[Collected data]
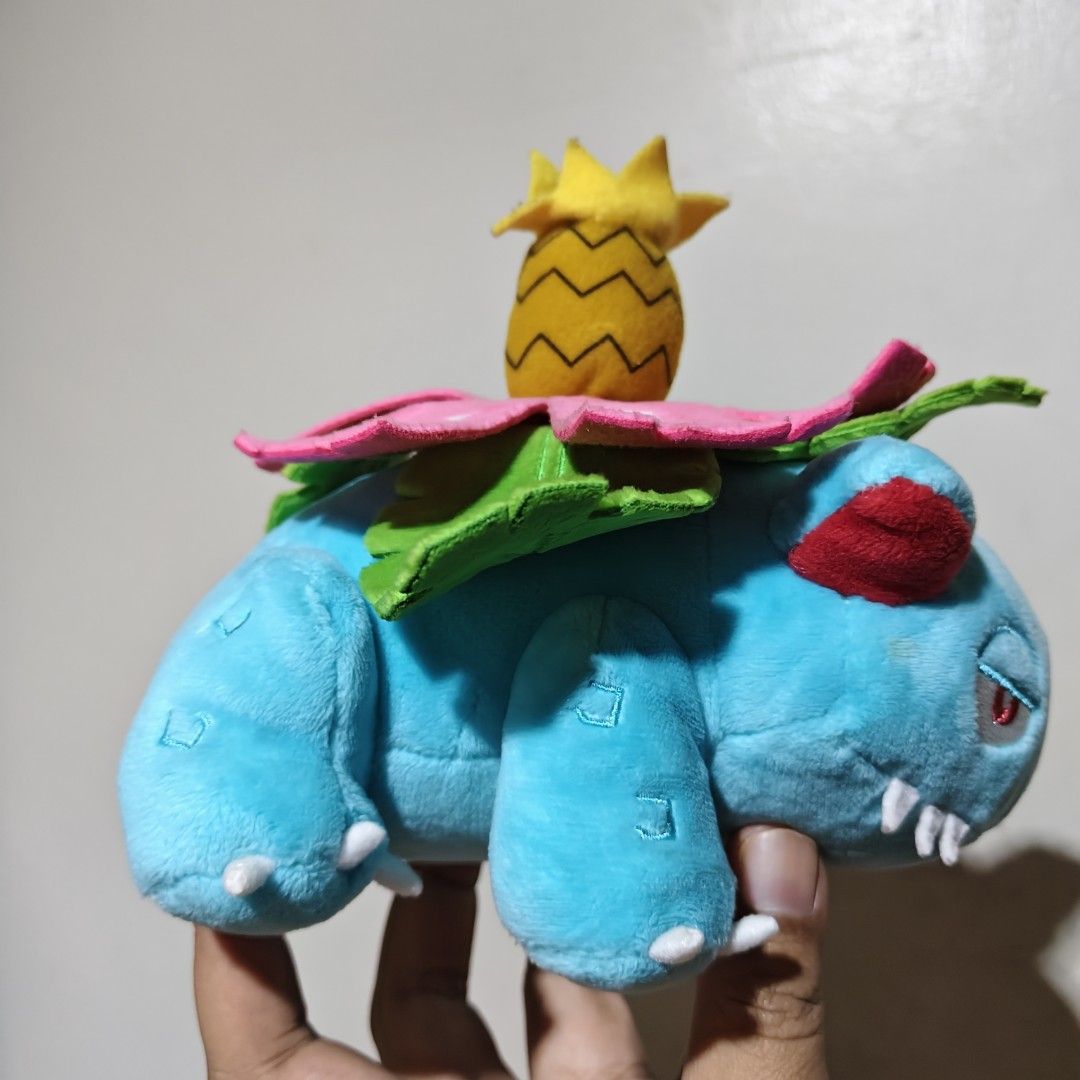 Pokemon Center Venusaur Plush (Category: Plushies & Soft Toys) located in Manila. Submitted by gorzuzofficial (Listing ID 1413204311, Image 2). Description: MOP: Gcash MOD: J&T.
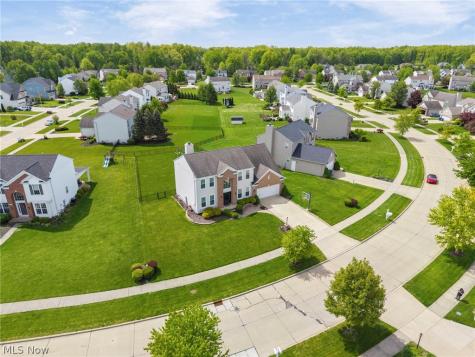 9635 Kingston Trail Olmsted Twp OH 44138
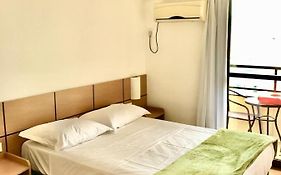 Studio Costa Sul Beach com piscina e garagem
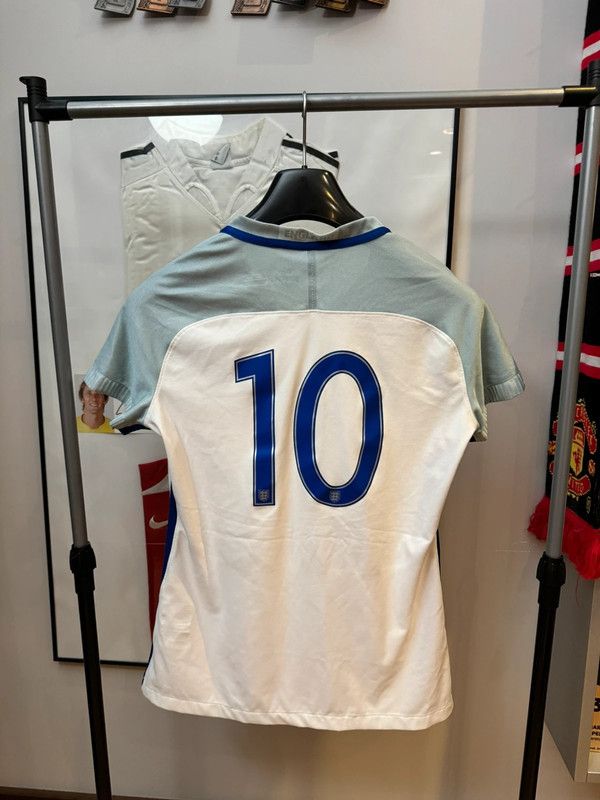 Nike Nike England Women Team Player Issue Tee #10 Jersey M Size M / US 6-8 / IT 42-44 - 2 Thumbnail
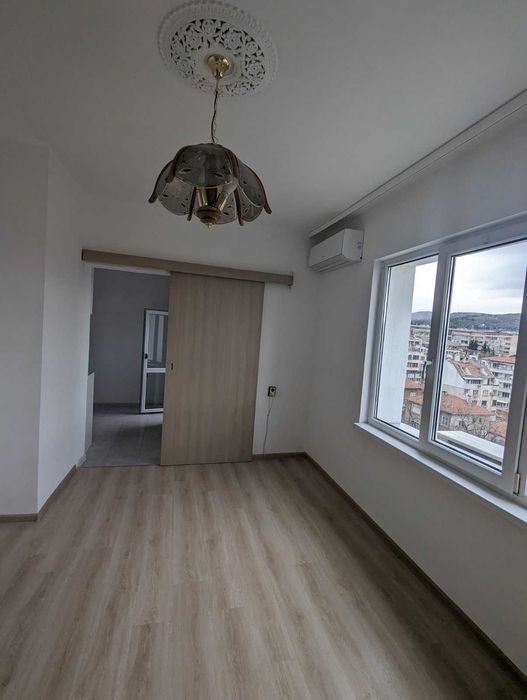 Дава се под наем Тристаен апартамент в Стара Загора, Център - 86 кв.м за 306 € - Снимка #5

(What you are asked to do)
Begin at the line containing "Nike Nike England" and stop at the final line of the data. Retype those lines exactly, without the pictures.

(Problem solution)
 Nike Nike England Women Team Player Issue Tee #10 Jersey M Size M / US 6-8 / IT 42-44 - 2 Thumbnail
 Дава се под наем Тристаен апартамент в Стара Загора, Център - 86 кв.м за 306 € - Снимка #5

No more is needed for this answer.